Para os fãs de futebol, a semana passada foi uma daquelas com inúmeras emoções à flor da pele, a contas com as notícias da Superliga Europeia. É certo que o projeto caiu em 48 horas, mas o falatório em torno do assunto ainda hoje perdura — o grupo KSE e os Kroenke, donos do Arsenal, clube inglês, que o digam. No entanto, os adeptos do FC Colónia, clube da Bundesliga, a liga alemã de futebol, tiveram de aguentar as más notícias com outra ainda aparentemente pior: a morte de Hennes VIII, o bode que serviu de mascote do emblema entre 2008-2019, abatido por questões de saúde. Há dois anos, por causa da artrose, tinha metido os papéis para a reforma e foi substituído por Hennes IX.
É um animal, mas não é um bode qualquer. Tal como explica o The Guardian, que relata a história, é difícil para a maioria das pessoas compreender o que Hennes significa (ou significou) para os adeptos do FC Colónia.
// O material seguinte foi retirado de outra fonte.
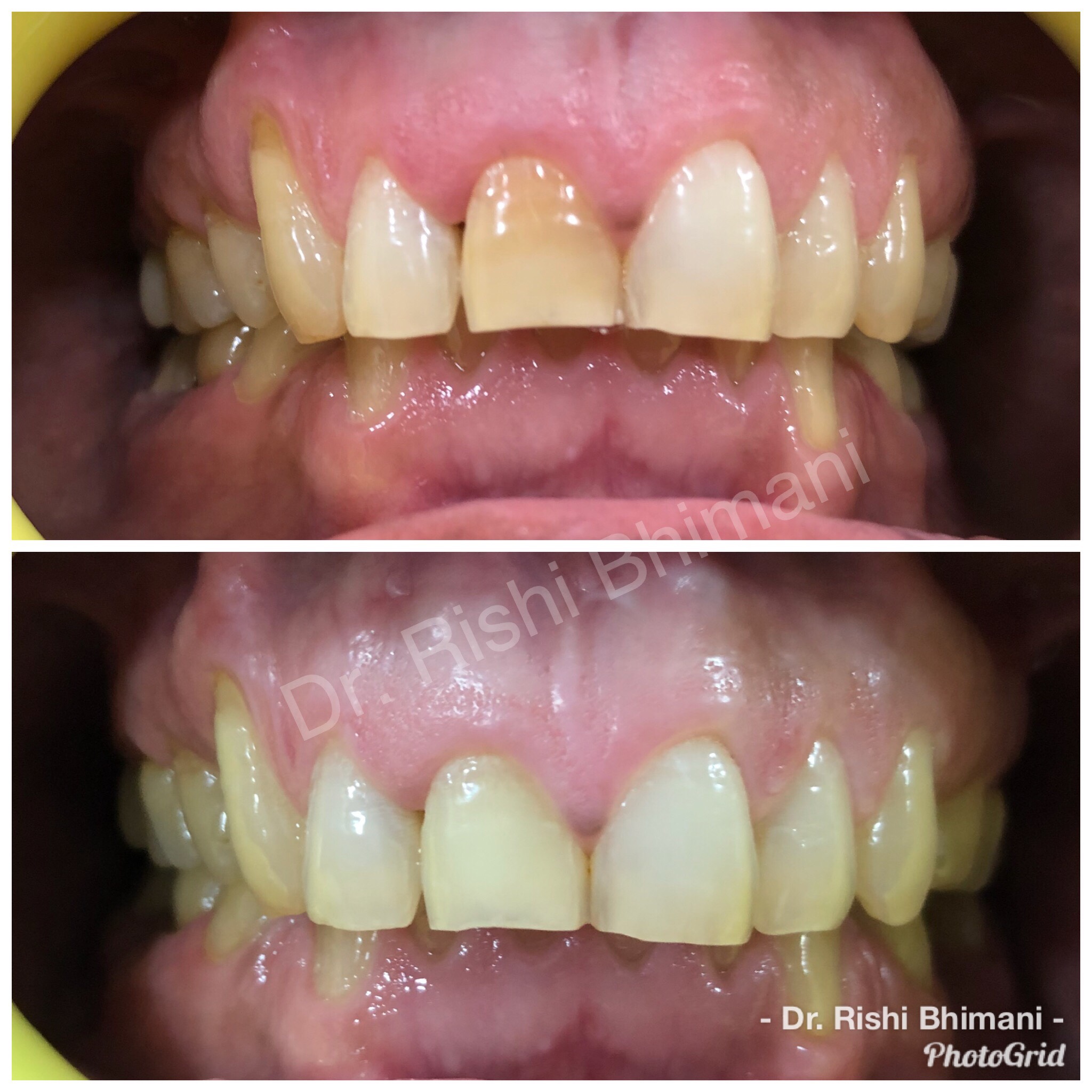 Dark or discolored front tooth can affect the s... main image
É que depois das notícias que davam conta da intenção dos clubes ricos criarem uma liga entre si, que na opinião de quem gosta de futebol distorce o que o torna especial, Hennes VIII representava mais do que nunca aquilo que se sente cada vez mais falta no desporto-rei: algo com que os adeptos se possam relacionar e sentir-se orgulhosos.
O jornal britânico enfatiza o que está aqui em jogo: o FC Colónia não é uma equipa comum. Em 1950, um circo local deu ao novo clube o seu primeiro bode como presente. Hennes Weisweiler, lenda do clube, era na altura o treinador-jogador e não houve surpresa quando o primeiro bode foi batizado com o seu apelido. Desde então, mais de 70 anos depois, o clube e os demais bodes têm sido inseparáveis. Tanto que o animal faz parte do símbolo.
De realçar que, nos anos 60, Hennes chegou a fazer companhia aos adeptos nos jogos fora — e tinha lugar no autocarro da equipa e tudo. Mas os tempos hoje em dia são outros e as mascotes atuais vivem no Jardim Zoológico de Colónia, pelo que não têm o privilégio de viajar tanto como os seus antecessores.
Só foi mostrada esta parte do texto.